Task objective: Everything in the listing should be copied exactly, save for the pictures.

--- Collected material ---

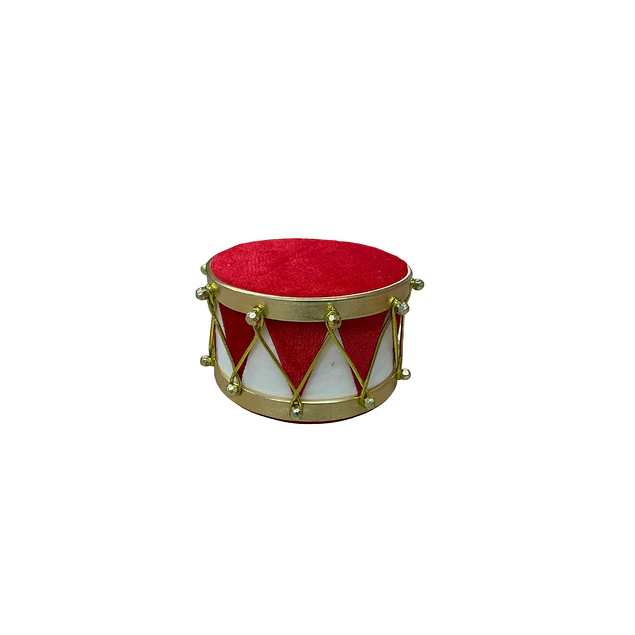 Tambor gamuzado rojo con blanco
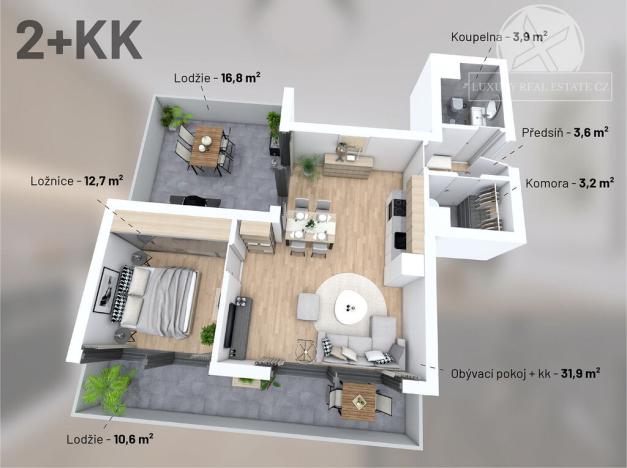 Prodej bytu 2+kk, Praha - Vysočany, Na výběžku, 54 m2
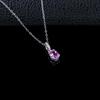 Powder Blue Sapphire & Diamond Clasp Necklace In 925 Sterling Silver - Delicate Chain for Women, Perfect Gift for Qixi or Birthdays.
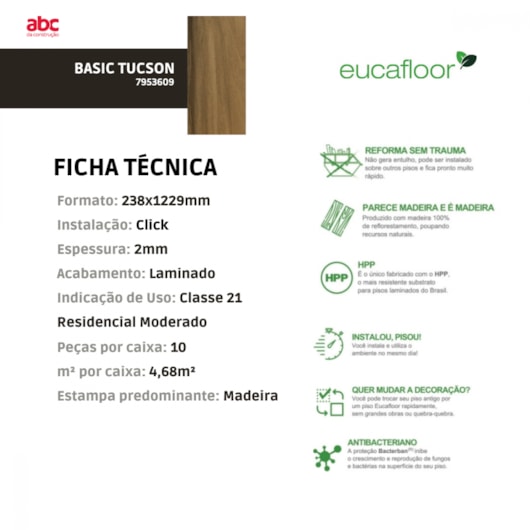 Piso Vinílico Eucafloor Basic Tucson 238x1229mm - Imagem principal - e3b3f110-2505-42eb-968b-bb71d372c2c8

---

Reply to the task:
 Tambor gamuzado rojo con blanco
 Prodej bytu 2+kk, Praha - Vysočany, Na výběžku, 54 m2
 Powder Blue Sapphire & Diamond Clasp Necklace In 925 Sterling Silver - Delicate Chain for Women, Perfect Gift for Qixi or Birthdays.
 Piso Vinílico Eucafloor Basic Tucson 238x1229mm - Imagem principal - e3b3f110-2505-42eb-968b-bb71d372c2c8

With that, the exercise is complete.